* Task details *
Print, word for word, every line from the beginning of the listing up to and including the line with "毛伟明在长沙调研园区企业和项". Pictures are to be excluded.

-----

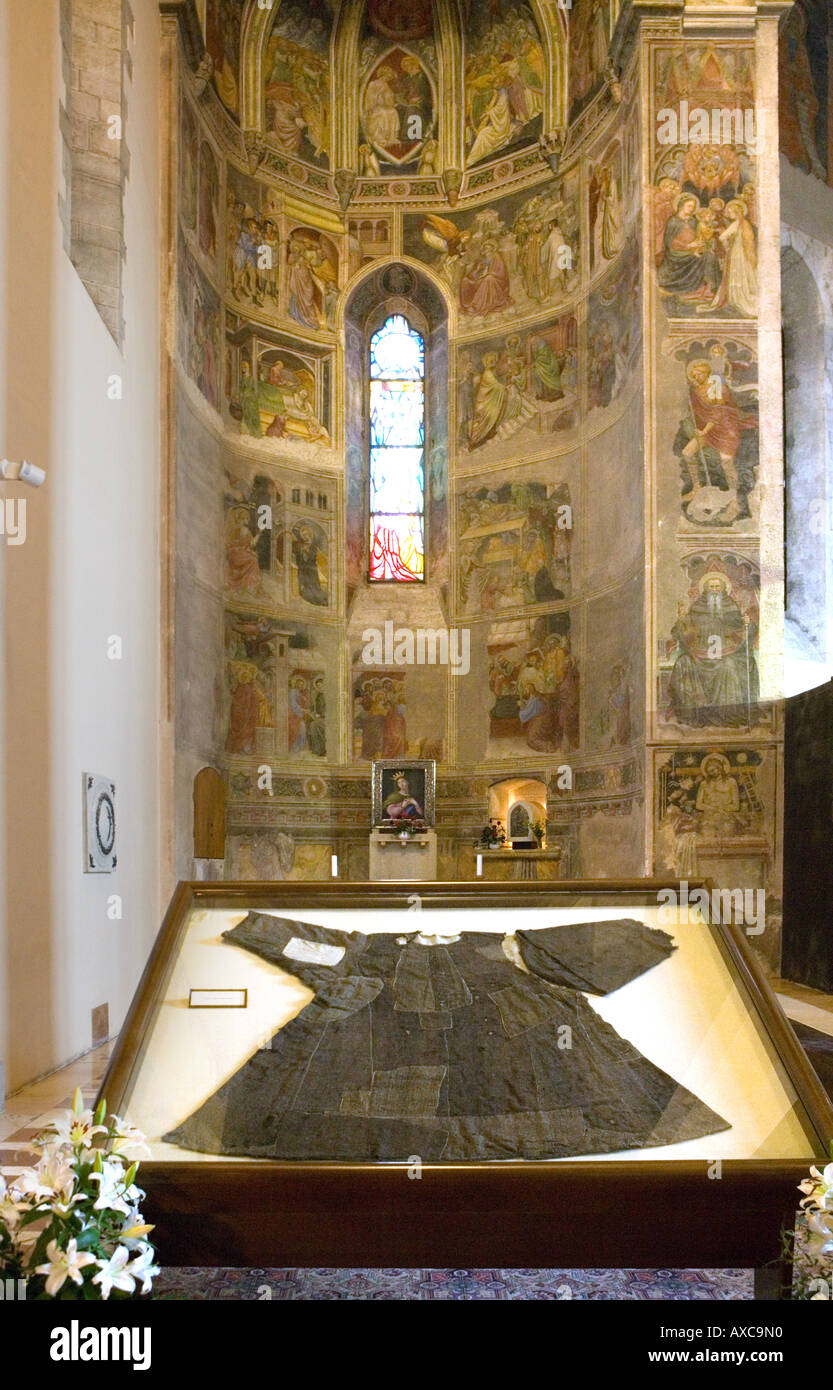 Gewohnheit des Heiligen Franz von Assisi auf dem Display in der Kirche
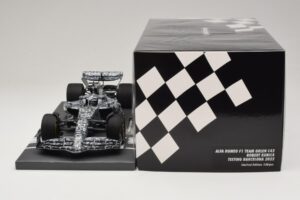 Alfa Romeo Orlen C42 R. Kubica Testing Barcelona 2022 Minichamps 1:18 117229988 Resin — Bild 6 von 7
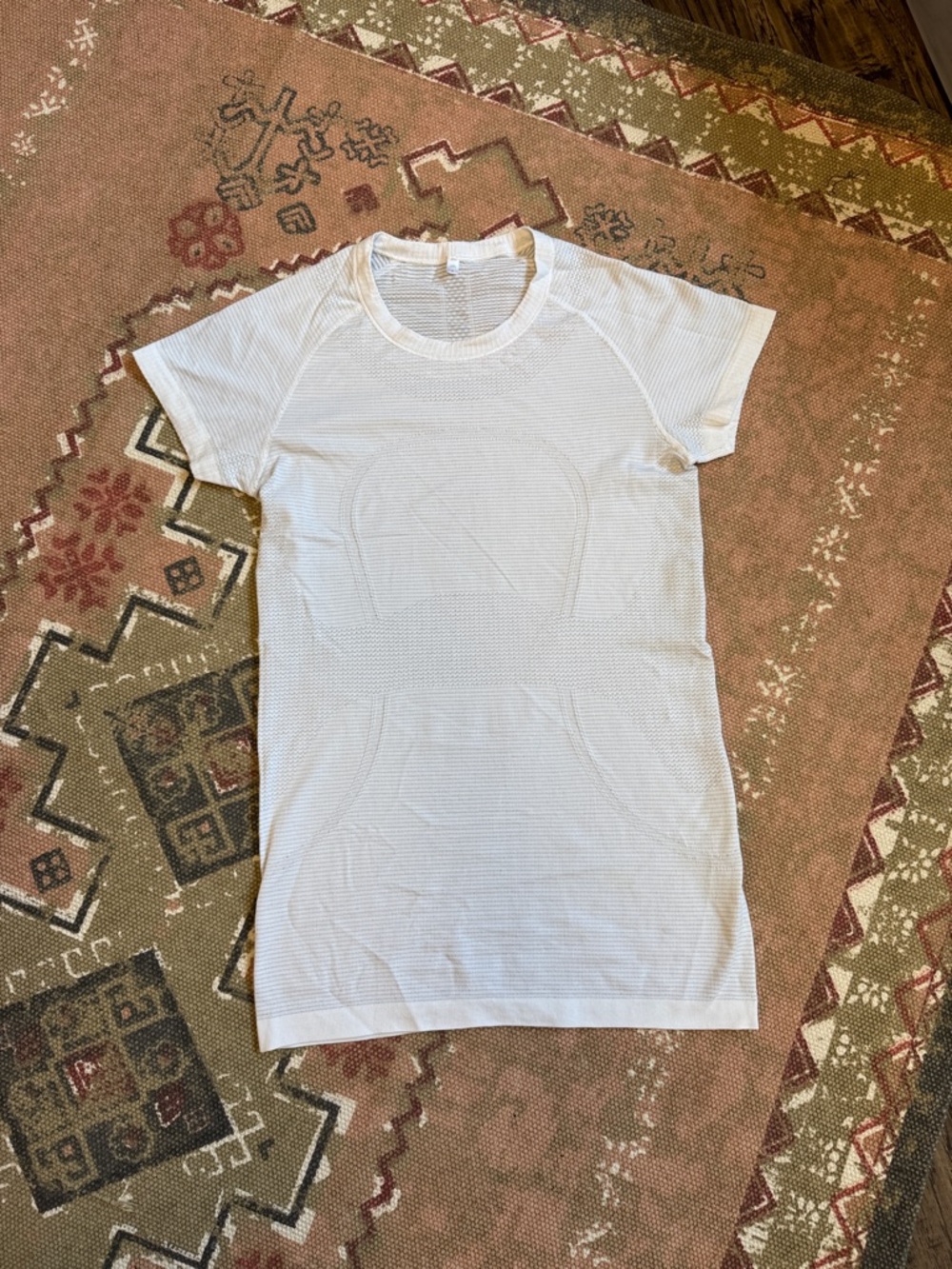 Lululemon Women’s White Seamless Short-Sleeve Athletic Top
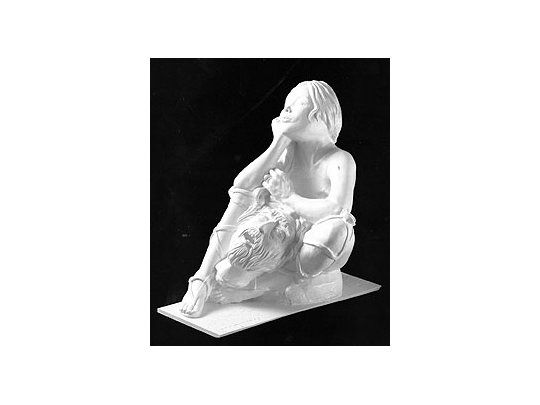 Para sus esculturas, Lorena Guzmán toma en esencia ciertasfiguras representativas de la mitología griega dándolesun golpe de tuerca que las subvierte y transgrede.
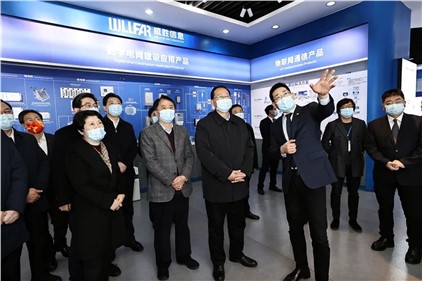 毛伟明在长沙调研园区企业和项目建设时强调——抓项目、 强工业、优效劳，，，起劲实现“开门红”“开门稳”
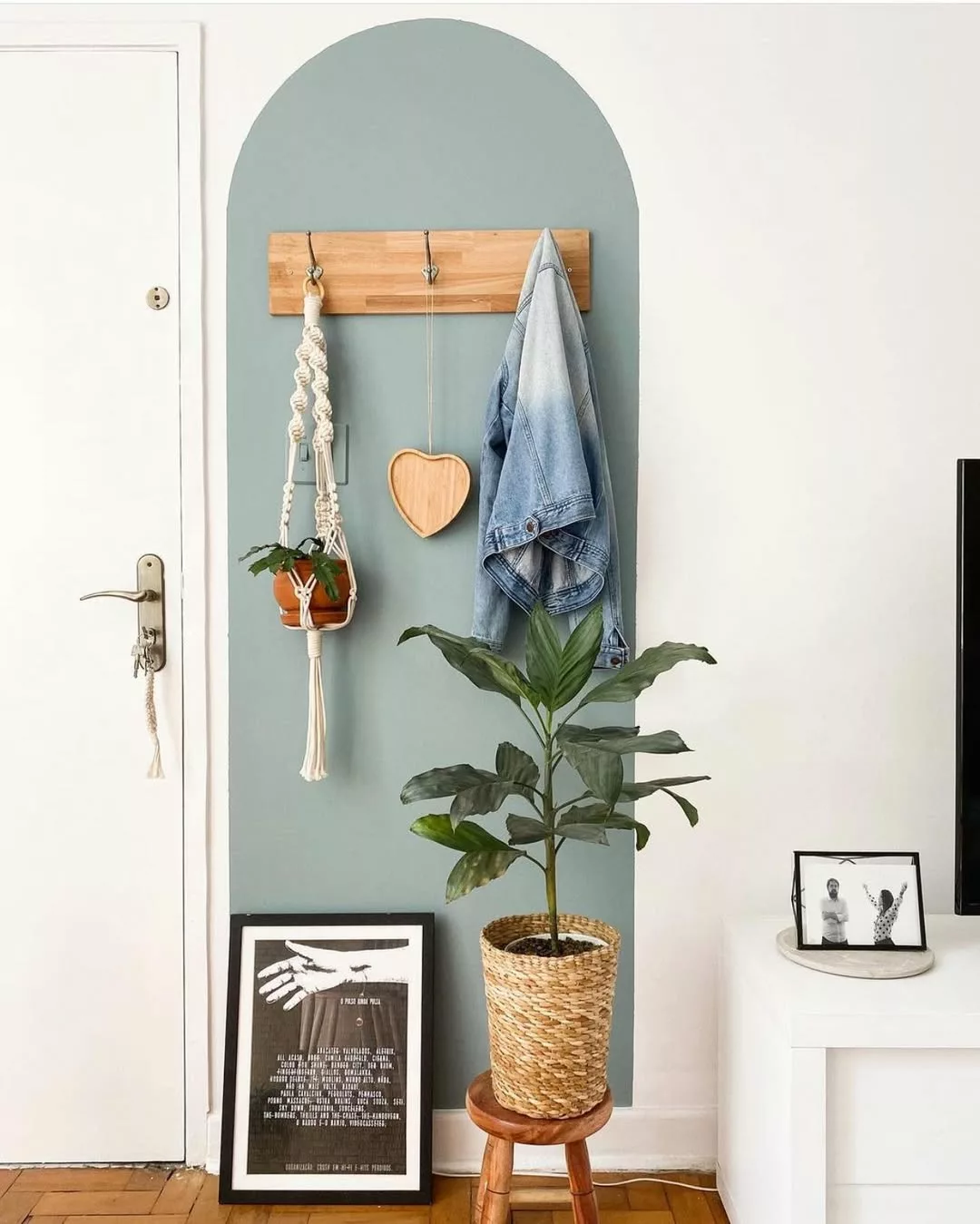 Mini hall de entrada decorado: soluções para espaços pequenos com personalidade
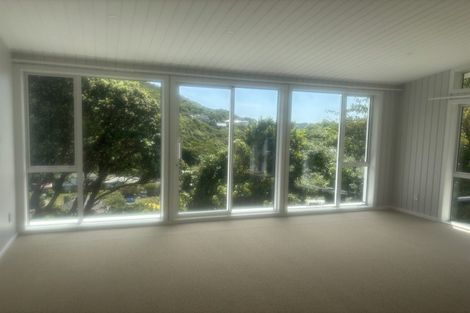Photo of property in 42 Versailles Street, Karori, Wellington, 6012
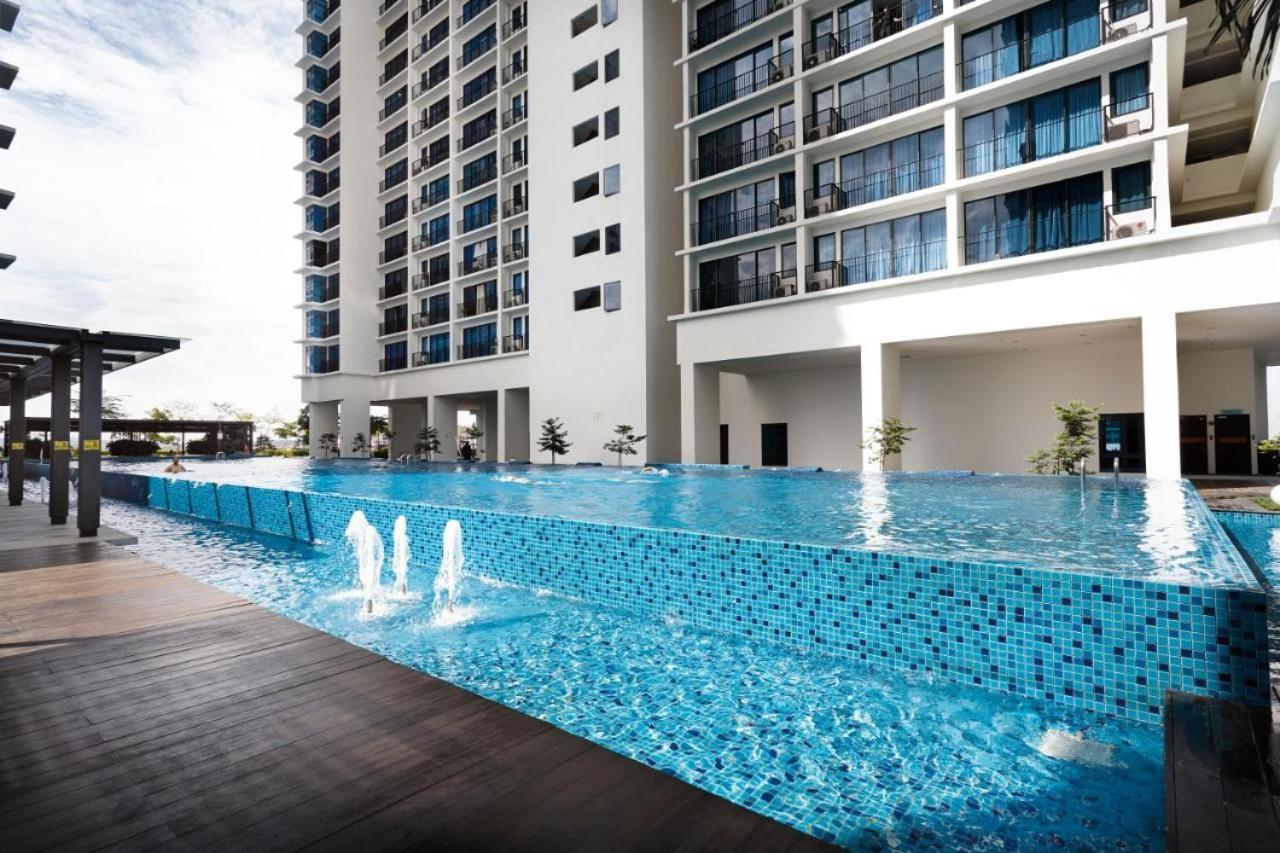 Francesco Suite - Trefoil Setia Alam-Near Setia City Mall & Setia Convention Centre Esterno foto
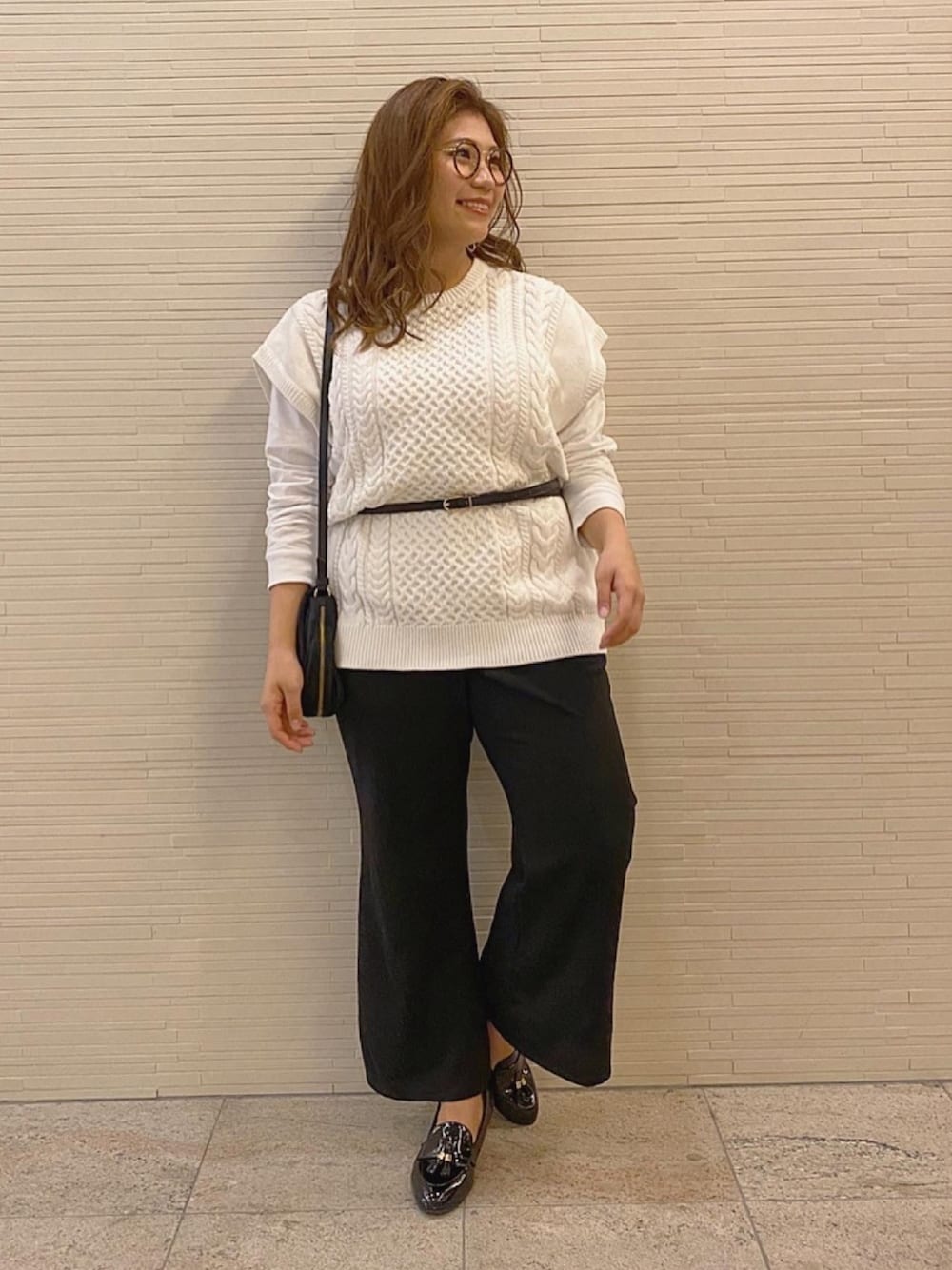 「ももコーデ、ぽっちゃり、ぽっちゃりコーデ、シンプルコーデ、大人カジュアル」｜「Live in comfortのアイテム（ベスト、ホワイト系）」を使った、momo.さん（レディース・162cm）の春コーディネートの1枚目の写真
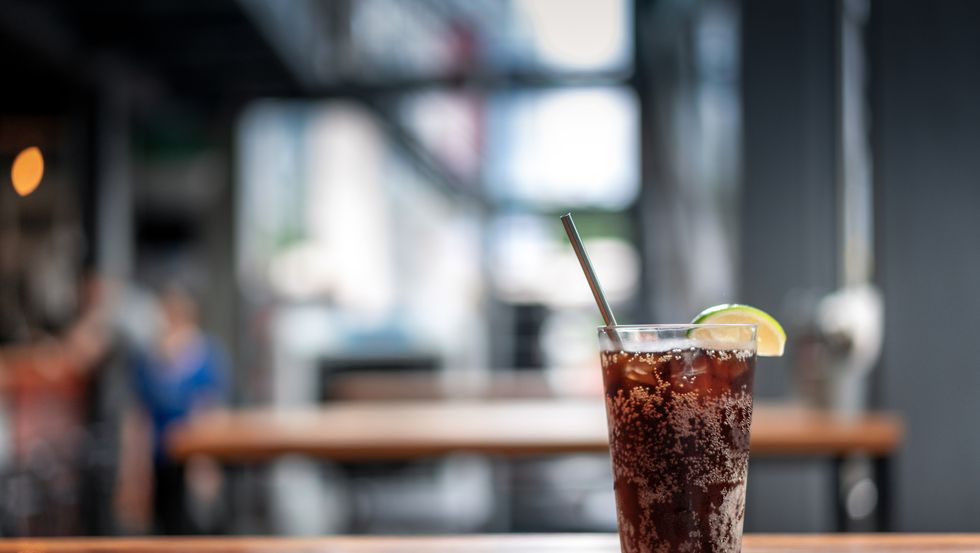 coca cola nel bicchiere sopra un tavolo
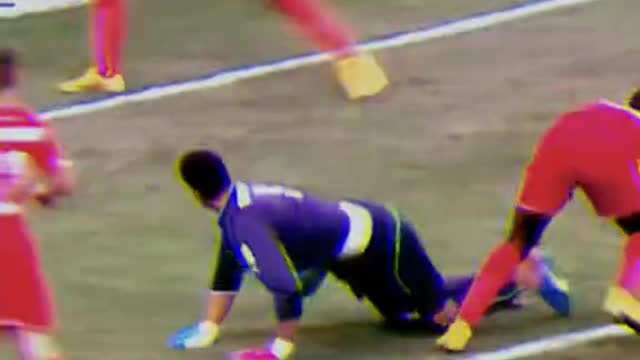 Ronaldo mocking it. SEWEY! Some dizzy defenders.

-----

* Response to the exercise *
 Gewohnheit des Heiligen Franz von Assisi auf dem Display in der Kirche
 Alfa Romeo Orlen C42 R. Kubica Testing Barcelona 2022 Minichamps 1:18 117229988 Resin — Bild 6 von 7
 Lululemon Women’s White Seamless Short-Sleeve Athletic Top
 Para sus esculturas, Lorena Guzmán toma en esencia ciertasfiguras representativas de la mitología griega dándolesun golpe de tuerca que las subvierte y transgrede.
 毛伟明在长沙调研园区企业和项目建设时强调——抓项目、 强工业、优效劳，，，起劲实现“开门红”“开门稳”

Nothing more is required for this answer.